(Stored data)
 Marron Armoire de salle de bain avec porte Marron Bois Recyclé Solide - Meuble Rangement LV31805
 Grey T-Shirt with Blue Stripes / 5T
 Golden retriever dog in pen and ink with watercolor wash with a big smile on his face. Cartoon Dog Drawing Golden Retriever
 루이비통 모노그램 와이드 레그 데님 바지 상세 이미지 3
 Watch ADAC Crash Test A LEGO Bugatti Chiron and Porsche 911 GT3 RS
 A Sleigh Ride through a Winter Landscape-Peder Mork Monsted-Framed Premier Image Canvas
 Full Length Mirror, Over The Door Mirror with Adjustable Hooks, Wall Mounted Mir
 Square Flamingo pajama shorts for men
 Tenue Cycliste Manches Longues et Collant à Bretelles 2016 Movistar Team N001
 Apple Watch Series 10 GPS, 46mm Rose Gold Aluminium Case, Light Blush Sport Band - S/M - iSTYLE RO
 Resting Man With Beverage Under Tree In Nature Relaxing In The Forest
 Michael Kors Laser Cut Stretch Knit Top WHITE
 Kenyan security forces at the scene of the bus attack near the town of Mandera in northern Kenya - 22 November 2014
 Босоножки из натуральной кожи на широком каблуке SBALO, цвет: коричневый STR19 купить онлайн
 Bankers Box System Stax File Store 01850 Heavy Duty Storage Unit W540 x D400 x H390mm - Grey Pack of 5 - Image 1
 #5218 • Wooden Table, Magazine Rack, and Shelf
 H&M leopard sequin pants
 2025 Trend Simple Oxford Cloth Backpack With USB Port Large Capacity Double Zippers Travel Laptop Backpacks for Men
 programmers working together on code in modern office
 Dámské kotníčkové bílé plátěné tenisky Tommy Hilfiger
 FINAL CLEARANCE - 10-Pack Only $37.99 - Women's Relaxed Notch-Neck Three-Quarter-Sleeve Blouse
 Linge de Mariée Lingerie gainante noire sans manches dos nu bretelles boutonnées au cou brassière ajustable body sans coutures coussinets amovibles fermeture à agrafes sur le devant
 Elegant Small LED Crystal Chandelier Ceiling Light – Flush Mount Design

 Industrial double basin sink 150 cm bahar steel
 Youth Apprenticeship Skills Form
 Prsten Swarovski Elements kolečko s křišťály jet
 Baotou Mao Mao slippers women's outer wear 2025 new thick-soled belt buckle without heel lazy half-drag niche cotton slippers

— TASK BRIEF —
Looking at the data above, write out exactly the lines that start at the one containing "Tenue Cycliste Manches" and end at the one containing "Resting Man With"; include both and nothing beyond.

— SOLUTION TO THIS EXERCISE —
 Tenue Cycliste Manches Longues et Collant à Bretelles 2016 Movistar Team N001
 Apple Watch Series 10 GPS, 46mm Rose Gold Aluminium Case, Light Blush Sport Band - S/M - iSTYLE RO
 Resting Man With Beverage Under Tree In Nature Relaxing In The Forest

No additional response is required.